Mon cœur est triste,—je n'ose pas le dire,
Mon cœur est triste pour l'amour de quelqu'un,
Je veillerais une nuit d'hiver,
Pour l'amour de quelqu'un.
Oh hon! pour quelqu'un,
Oh hon! pour quelqu'un,
J'errerais autour du monde
Pour l'amour de quelqu'un.
Vous Pouvoirs qui souriez aux amours vertueux.
Oh! doucement, souriez à quelqu'un!
De tout danger, gardez-le libre,
Rendez-moi sauf mon quelqu'un.
Oh hon! pour quelqu'un
Oh hey! pour quelqu'un,
Je ferais—que ne ferais-je pas?
Pour l'amour de quelqu'un[632].
Et celle-ci encore d'une si grande naïveté de plaint, et par cela même si touchante:
Est-ce là ta foi, ta tendresse, ta bonté,
Nous quitter ainsi cruellement, ma Katy?
Est-ce là ta récompense envers ton ami fidèle,
Envers un cœur souffrant et brisé, ma Katy?
Peux-tu me quitter ainsi, ma Katy?
Peux-tu me quitter ainsi, ma Katy?
Tu connais bien que mon cœur souffre.
Peux-tu me quitter ainsi, par pitié?
Adieu, que jamais ces chagrins ne déchirent
Ce cœur inconstant qui est tien, ma Katy?
Tu pourras trouver qui t'aimera chèrement,
Mais pas un amour comme le mien, ma Katy![633]

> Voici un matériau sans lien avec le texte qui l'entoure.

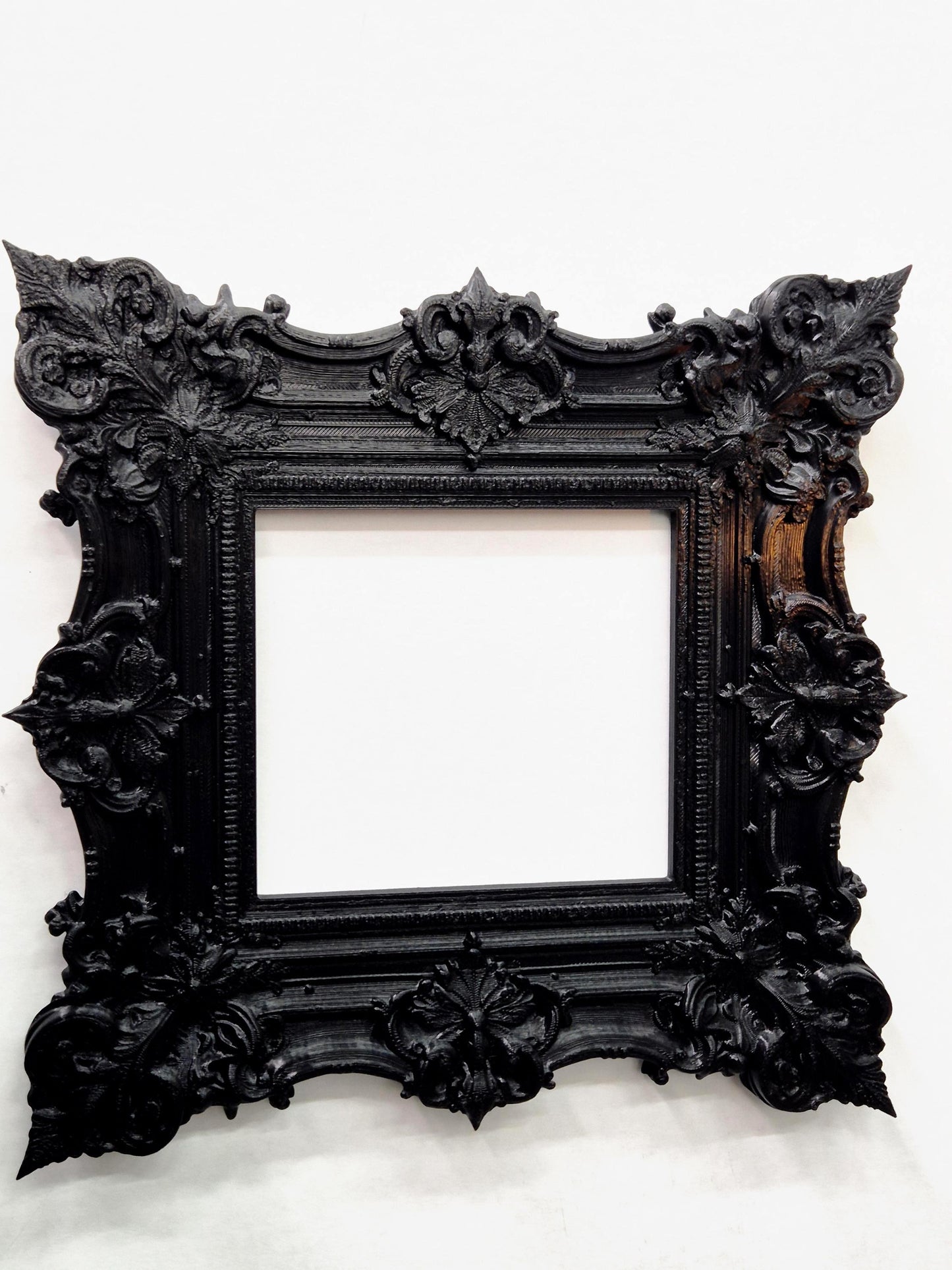 Rococo Picture Frame, Black Baroque Wall Decor, Ornate Victorian Photo Frame, 3D Printed Goth Home Decor | Goth Gift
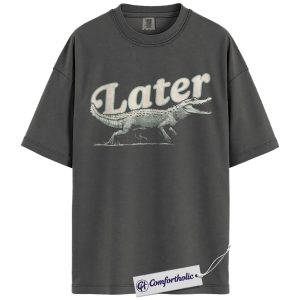 Alternative view of Later Alligator Shirt, Funny Vintage Crocodile T-Shirt, Retro Animal Graphic Tee, Cool Southern Style Gift, Later Gator Comfort Colors Shirt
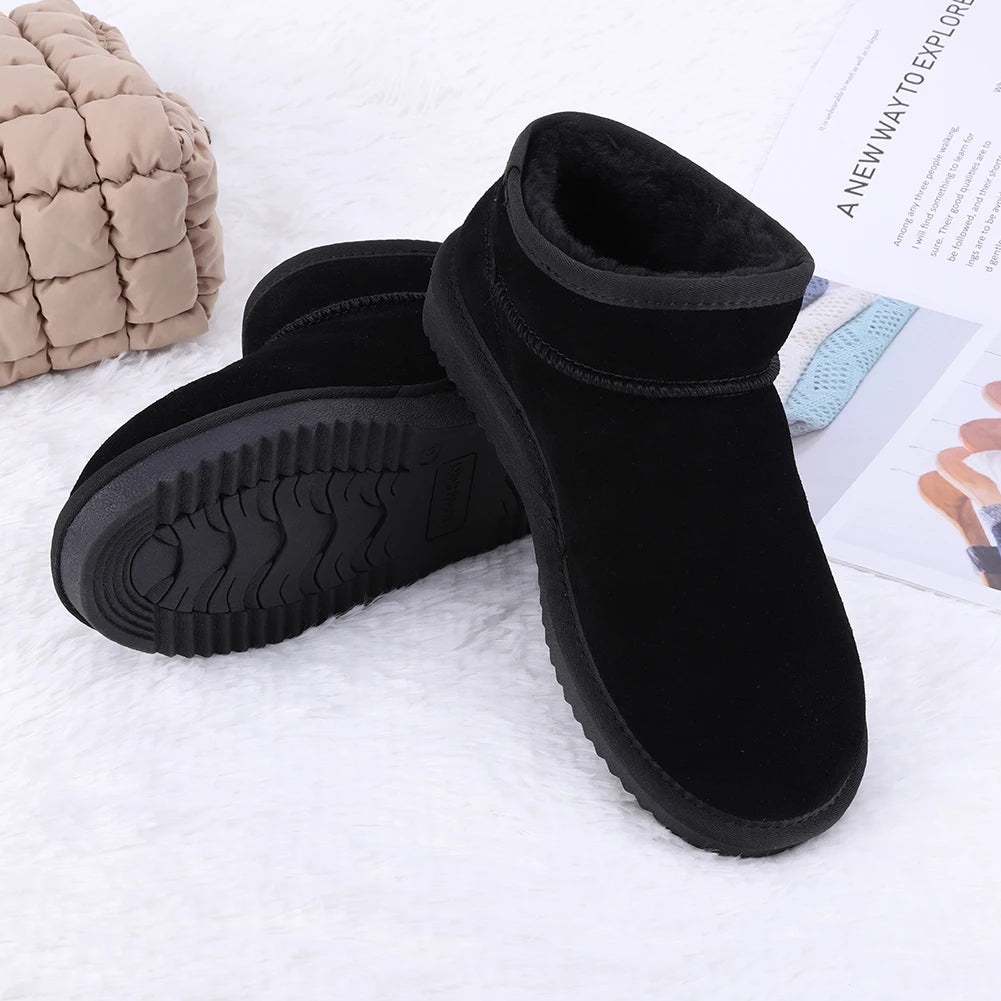 Women Snow Boots Slip On Short Boots Anti-Slip Comfort Ankle Boots Water Resistant Faux Fur Lining Boots for Outdoor Sports
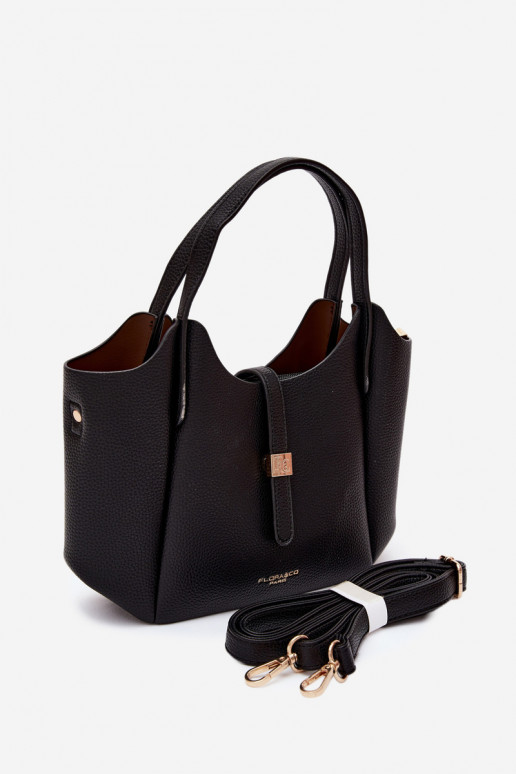 Schwarze Handtasche aus Kunstleder Toffee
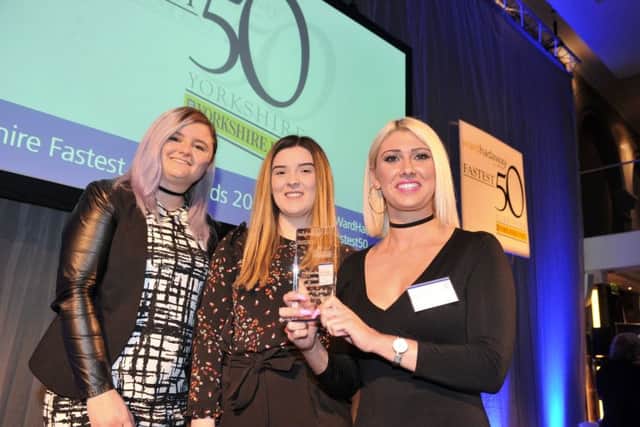The Yorkshire Fastest 50 awards 2018. Production Park winners of the Fastest Growing Medium Business L-R Sarah Womack, Toni Tune and Ria Forsyth. Picture Tony Johnson.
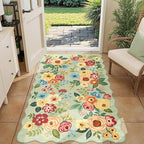 DUKINO 3x5 Area Rugs, Non Slip Floral Washable Rug by DUKINO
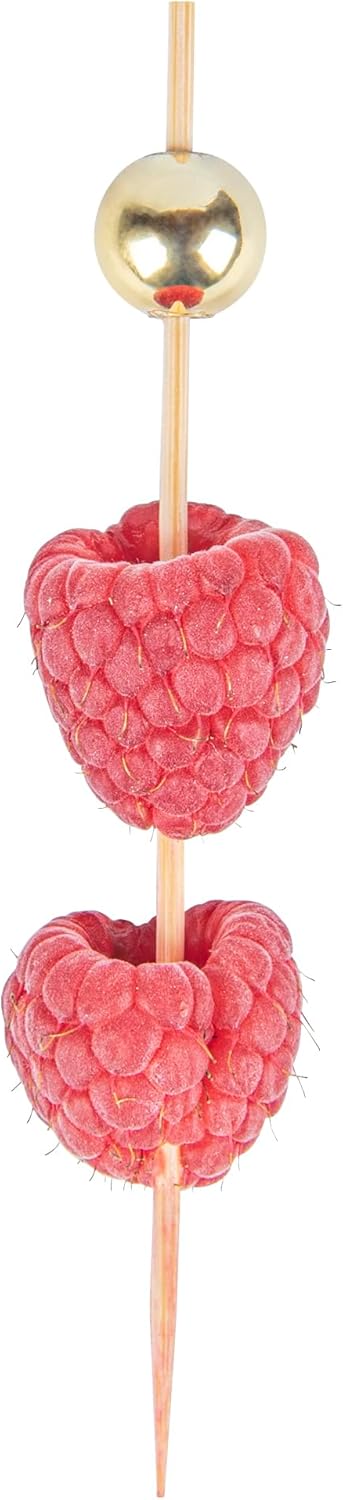 Restaurantware-4 Inch Decorative Skewers, 1000 Sphere Design Bamboo Skewers - Sharp Point, Sturdy, Gold Bamboo Decorative Picks, For Appetizers Or Garnishes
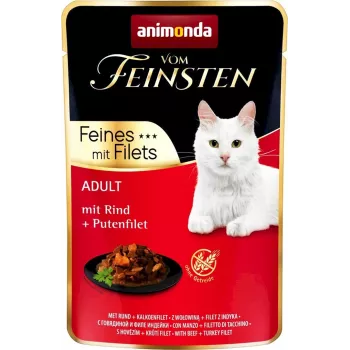 Wet cat food animonda Vom Feinsten With Poultry Saithe Filet 85 g — grain-free, adult, turkey main flavour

Au milieu de ces gerbes de pièces amoureuses, celles qui ont été dédiées à Clarinda forment une javelle à part. Aucunes n'offrent d'une façon plus frappante ce merveilleux mélange de passion et de simplicité, qui fait son originalité dans la troupe si nombreuse des poètes de l'amour. Elles ont été citées dans la biographie et il est superflu de les redonner ici. Qu'on se rappelle les vers sur cette nuit de Décembre qui fut plus douce qu'aucun des matins de mai[634], sur le rivage où il errera solitaire au milieu des cris d'oiseaux de mer[635], et surtout cette navrante pièce sur le dernier baiser, le baiser d'adieu éternel qui semble déchirer les lèvres qui se le donnent et les retient cependant éperdues et prises dans son amère douceur[636]. Les simples et douloureux couplets sont désormais dans la littérature anglaise la plainte définitive des cœurs brisés. Qu'on relise ces pièces pour voir avec quels simples moyens on peut rendre ses plus puissantes émotions et la plus ardente passion.

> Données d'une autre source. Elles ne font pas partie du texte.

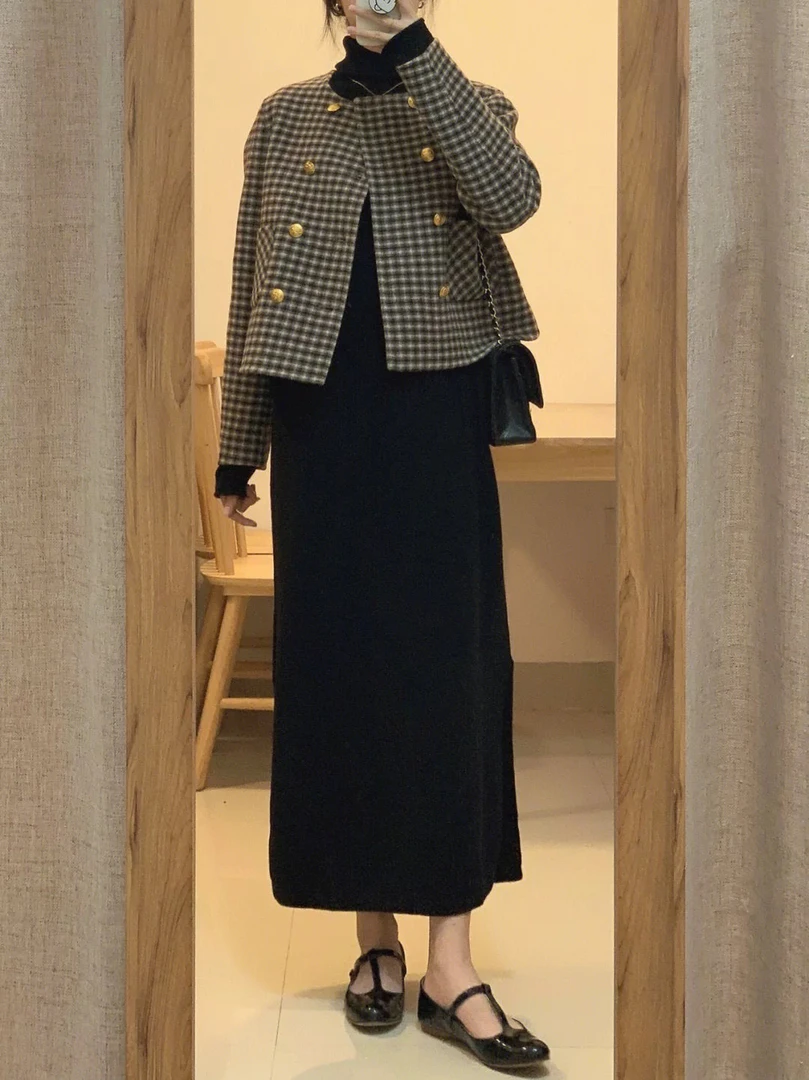 1800  韩系时尚格纹小香风外套（D28）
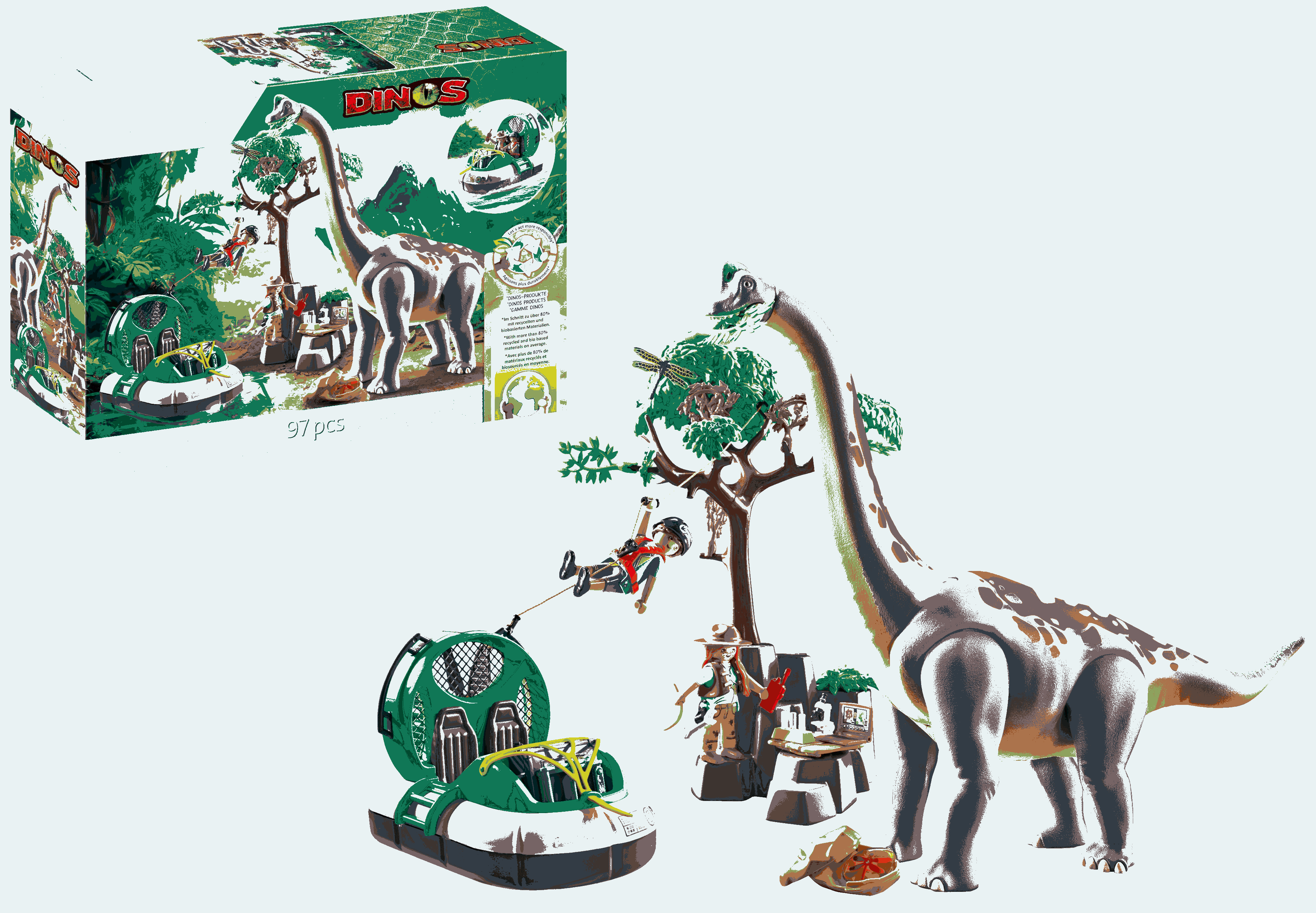 Playmobil Dinos - Brachiosaurus Mit Hovercraft 71819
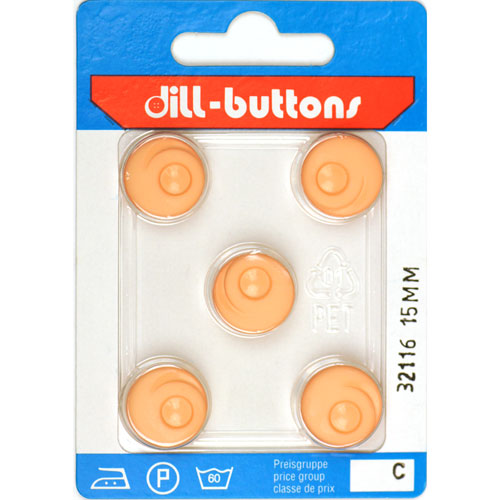 Dill 007.32116 Unigekleurde knopen achtersteek 15 mm - Kaart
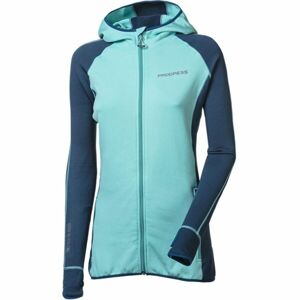 PROGRESS TISPA HOODY Dámská funkční sportovní mikina, tyrkysová, velikost XL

Et cependant, ce n'est pas encore là le terme extrême. Il a été plus loin, aussi difficile que cela puisse sembler. Parfois il est plus bref encore. Il semble qu'il n'y ait plus rien. Les pièces sont dépouillées du moindre contenu intellectuel, elles sont vides. Tout s'en est retiré, images, idées, couleur. Que leur reste-t-il donc? La passion. Elles tremblent d'une flamme invisible. L'effet est insaisissable et pénétrant. Cela ne peut se comparer qu'à l'émotion que le frémissement de la voix donne à des mots insignifiants. Et ces pièces si simples ne se laissent pas lire sans contraindre la voix à changer d'expression à chaque vers, et sans parfois la charger d'attendrissement. Qu'on prenne, par exemple, la pièce suivante:
Oh! veux-tu venir avec moi, douce Tibbie Dunbar!
Oh! veux-tu venir avec moi, douce Tibbie Dunbar?
Veux-tu partir sur un cheval ou dans une voiture,
Ou marcher à mes côtés, oh! douce Tibbie Dunbar.
Peu m'importe ton père, tes terres et ton argent,
Peu m'importe ta race haute et seigneuriale!